▶ Work to be completed:
Nothing below is to be printed except the lines between the line holding "σπίτι της (Pics)" and the line holding "2025 Ford F-250", inclusive, each exactly as it appears.

▶ Provided data:
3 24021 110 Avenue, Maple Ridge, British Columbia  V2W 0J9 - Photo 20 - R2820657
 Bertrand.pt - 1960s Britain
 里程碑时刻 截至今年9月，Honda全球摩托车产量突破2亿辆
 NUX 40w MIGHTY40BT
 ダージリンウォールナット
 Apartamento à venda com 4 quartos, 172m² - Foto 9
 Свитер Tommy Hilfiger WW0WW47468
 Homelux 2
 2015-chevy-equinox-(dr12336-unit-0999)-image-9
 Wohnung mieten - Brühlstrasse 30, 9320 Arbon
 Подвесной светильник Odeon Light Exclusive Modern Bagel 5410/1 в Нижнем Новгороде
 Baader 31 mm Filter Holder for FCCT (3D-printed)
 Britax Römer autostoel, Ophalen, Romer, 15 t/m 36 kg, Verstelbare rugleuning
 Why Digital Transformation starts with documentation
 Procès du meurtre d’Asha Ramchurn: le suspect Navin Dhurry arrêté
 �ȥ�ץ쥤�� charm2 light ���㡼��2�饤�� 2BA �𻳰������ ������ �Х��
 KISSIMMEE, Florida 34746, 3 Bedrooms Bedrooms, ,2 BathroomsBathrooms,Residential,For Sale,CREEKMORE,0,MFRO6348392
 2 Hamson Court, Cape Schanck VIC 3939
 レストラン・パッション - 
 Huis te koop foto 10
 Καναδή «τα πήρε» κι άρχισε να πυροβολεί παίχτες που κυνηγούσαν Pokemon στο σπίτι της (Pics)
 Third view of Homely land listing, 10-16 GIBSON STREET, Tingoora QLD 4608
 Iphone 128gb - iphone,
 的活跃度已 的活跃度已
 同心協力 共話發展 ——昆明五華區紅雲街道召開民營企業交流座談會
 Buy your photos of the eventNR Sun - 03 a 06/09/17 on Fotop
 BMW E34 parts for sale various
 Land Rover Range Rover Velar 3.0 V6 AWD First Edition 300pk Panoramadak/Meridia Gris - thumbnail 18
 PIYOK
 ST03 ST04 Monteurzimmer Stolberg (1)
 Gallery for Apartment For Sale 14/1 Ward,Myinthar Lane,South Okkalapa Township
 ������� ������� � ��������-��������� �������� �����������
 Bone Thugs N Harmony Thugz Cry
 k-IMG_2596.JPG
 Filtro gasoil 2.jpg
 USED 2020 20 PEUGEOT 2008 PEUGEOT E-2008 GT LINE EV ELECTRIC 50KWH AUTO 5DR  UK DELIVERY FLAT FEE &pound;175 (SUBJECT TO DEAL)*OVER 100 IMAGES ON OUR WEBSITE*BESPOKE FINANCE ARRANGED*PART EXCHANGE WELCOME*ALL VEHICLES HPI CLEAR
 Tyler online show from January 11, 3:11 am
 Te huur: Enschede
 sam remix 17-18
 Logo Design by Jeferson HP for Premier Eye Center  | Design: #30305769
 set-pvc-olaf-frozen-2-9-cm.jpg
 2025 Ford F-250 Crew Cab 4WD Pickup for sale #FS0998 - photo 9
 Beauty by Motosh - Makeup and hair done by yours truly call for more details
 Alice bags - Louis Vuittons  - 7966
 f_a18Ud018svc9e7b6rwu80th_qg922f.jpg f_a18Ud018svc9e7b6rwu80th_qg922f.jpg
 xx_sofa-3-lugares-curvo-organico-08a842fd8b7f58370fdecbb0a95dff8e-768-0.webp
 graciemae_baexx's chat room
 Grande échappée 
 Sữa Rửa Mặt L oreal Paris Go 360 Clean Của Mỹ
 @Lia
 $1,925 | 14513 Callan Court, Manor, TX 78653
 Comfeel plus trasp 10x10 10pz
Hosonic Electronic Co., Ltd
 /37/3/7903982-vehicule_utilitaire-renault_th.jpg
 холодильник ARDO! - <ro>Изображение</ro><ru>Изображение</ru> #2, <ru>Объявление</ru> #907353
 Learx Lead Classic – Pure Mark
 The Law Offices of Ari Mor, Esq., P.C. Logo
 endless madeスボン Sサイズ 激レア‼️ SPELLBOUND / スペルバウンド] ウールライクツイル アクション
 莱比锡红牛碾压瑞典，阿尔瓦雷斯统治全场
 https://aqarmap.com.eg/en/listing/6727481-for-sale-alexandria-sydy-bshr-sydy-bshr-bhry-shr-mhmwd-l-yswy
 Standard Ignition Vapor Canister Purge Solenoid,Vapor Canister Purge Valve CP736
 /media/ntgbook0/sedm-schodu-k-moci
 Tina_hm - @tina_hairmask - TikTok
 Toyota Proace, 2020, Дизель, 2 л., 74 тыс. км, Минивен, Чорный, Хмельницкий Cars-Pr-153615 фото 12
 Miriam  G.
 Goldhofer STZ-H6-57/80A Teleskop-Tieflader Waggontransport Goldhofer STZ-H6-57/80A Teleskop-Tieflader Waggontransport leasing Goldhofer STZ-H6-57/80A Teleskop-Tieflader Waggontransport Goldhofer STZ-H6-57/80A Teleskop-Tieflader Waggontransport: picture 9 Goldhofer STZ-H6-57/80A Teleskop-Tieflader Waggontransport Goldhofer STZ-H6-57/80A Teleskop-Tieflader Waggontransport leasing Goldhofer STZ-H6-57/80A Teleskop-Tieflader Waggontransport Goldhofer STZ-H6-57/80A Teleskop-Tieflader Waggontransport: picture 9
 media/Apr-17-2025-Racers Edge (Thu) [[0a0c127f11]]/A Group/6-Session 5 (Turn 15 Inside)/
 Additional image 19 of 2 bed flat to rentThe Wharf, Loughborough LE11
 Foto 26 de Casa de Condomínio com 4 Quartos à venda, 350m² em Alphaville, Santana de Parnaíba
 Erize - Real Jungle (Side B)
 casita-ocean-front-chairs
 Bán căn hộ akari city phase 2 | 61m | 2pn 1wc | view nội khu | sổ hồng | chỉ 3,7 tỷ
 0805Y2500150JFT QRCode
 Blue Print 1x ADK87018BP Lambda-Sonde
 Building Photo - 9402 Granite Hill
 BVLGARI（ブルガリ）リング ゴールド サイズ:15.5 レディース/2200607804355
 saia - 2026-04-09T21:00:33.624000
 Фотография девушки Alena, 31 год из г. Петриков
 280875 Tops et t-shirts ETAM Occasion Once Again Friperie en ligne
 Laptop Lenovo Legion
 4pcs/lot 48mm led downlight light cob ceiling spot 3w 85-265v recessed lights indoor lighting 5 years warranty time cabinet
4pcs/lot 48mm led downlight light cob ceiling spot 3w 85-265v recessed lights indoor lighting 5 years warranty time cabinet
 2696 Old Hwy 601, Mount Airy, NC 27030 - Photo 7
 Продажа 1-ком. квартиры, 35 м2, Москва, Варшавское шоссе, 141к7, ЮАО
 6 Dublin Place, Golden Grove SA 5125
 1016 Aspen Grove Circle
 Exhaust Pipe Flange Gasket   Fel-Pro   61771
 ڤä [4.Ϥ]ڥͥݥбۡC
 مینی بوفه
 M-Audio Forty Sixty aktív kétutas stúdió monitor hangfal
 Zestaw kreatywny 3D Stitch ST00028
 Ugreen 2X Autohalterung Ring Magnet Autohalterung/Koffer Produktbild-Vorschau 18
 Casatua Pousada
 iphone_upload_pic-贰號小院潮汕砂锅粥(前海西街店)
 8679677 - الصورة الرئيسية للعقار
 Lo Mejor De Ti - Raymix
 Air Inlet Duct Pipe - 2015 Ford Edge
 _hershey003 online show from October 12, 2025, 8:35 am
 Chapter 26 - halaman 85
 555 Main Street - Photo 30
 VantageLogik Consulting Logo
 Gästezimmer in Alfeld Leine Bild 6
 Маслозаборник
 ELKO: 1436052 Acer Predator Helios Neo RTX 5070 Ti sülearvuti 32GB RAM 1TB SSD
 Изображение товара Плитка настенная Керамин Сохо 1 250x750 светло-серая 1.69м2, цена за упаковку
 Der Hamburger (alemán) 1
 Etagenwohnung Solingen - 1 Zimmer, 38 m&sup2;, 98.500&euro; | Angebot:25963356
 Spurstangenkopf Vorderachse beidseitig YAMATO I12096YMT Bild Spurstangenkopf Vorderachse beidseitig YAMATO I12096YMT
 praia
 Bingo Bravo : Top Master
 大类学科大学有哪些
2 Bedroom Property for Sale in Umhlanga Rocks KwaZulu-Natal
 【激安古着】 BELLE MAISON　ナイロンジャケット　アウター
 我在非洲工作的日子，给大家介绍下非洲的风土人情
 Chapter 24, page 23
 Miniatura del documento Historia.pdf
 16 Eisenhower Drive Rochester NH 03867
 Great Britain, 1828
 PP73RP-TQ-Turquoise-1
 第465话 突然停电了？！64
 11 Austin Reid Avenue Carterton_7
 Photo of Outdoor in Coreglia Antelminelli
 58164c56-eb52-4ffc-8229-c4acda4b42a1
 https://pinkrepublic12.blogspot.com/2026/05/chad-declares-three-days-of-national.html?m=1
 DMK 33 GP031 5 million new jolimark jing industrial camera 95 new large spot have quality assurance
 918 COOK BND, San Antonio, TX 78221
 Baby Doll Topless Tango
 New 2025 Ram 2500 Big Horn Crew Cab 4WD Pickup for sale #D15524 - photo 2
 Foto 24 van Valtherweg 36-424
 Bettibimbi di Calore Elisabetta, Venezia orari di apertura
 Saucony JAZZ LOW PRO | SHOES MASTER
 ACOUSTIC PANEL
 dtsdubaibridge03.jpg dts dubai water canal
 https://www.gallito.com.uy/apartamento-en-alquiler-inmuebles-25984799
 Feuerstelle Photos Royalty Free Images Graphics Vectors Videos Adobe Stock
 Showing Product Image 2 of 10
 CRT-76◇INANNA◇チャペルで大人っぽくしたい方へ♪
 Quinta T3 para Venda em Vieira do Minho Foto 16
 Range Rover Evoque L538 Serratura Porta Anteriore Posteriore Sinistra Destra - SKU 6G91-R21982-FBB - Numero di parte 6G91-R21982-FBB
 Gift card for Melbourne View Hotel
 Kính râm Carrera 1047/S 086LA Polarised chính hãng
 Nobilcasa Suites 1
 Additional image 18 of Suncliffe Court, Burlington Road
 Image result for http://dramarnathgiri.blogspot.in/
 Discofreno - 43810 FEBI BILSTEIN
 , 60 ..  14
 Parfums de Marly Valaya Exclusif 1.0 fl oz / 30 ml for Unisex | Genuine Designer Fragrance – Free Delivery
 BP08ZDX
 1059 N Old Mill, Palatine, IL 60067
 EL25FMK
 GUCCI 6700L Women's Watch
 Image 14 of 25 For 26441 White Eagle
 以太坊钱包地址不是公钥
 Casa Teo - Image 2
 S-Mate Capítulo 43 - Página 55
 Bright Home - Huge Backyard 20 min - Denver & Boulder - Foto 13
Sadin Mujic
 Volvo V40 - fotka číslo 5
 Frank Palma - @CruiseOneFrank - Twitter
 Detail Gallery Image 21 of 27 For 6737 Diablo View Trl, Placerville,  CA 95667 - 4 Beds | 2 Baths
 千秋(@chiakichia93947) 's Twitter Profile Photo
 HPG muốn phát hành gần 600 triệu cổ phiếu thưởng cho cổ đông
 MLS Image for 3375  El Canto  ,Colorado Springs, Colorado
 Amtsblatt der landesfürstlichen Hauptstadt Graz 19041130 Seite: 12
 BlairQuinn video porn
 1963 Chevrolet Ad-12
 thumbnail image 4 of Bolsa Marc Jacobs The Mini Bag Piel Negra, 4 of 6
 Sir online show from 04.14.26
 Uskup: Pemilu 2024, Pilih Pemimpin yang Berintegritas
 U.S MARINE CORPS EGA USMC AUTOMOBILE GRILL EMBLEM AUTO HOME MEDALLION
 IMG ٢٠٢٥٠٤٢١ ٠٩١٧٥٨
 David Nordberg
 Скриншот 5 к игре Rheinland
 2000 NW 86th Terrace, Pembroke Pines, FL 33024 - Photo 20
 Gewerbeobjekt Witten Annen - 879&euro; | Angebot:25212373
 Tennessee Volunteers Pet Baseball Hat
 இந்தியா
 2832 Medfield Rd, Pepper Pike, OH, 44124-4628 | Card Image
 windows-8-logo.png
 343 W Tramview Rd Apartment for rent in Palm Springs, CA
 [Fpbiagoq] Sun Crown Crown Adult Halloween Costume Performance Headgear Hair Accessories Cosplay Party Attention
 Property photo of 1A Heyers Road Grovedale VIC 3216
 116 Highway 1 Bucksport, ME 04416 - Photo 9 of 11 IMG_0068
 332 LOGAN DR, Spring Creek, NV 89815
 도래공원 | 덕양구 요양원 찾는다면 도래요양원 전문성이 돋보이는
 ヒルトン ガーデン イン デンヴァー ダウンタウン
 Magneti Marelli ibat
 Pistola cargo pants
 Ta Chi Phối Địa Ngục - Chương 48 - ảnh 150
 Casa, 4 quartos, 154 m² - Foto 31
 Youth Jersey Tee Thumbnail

▶ Output of the task:
 Καναδή «τα πήρε» κι άρχισε να πυροβολεί παίχτες που κυνηγούσαν Pokemon στο σπίτι της (Pics)
 Third view of Homely land listing, 10-16 GIBSON STREET, Tingoora QLD 4608
 Iphone 128gb - iphone,
 的活跃度已 的活跃度已
 同心協力 共話發展 ——昆明五華區紅雲街道召開民營企業交流座談會
 Buy your photos of the eventNR Sun - 03 a 06/09/17 on Fotop
 BMW E34 parts for sale various
 Land Rover Range Rover Velar 3.0 V6 AWD First Edition 300pk Panoramadak/Meridia Gris - thumbnail 18
 PIYOK
 ST03 ST04 Monteurzimmer Stolberg (1)
 Gallery for Apartment For Sale 14/1 Ward,Myinthar Lane,South Okkalapa Township
 ������� ������� � ��������-��������� �������� �����������
 Bone Thugs N Harmony Thugz Cry
 k-IMG_2596.JPG
 Filtro gasoil 2.jpg
 USED 2020 20 PEUGEOT 2008 PEUGEOT E-2008 GT LINE EV ELECTRIC 50KWH AUTO 5DR  UK DELIVERY FLAT FEE &pound;175 (SUBJECT TO DEAL)*OVER 100 IMAGES ON OUR WEBSITE*BESPOKE FINANCE ARRANGED*PART EXCHANGE WELCOME*ALL VEHICLES HPI CLEAR
 Tyler online show from January 11, 3:11 am
 Te huur: Enschede
 sam remix 17-18
 Logo Design by Jeferson HP for Premier Eye Center  | Design: #30305769
 set-pvc-olaf-frozen-2-9-cm.jpg
 2025 Ford F-250 Crew Cab 4WD Pickup for sale #FS0998 - photo 9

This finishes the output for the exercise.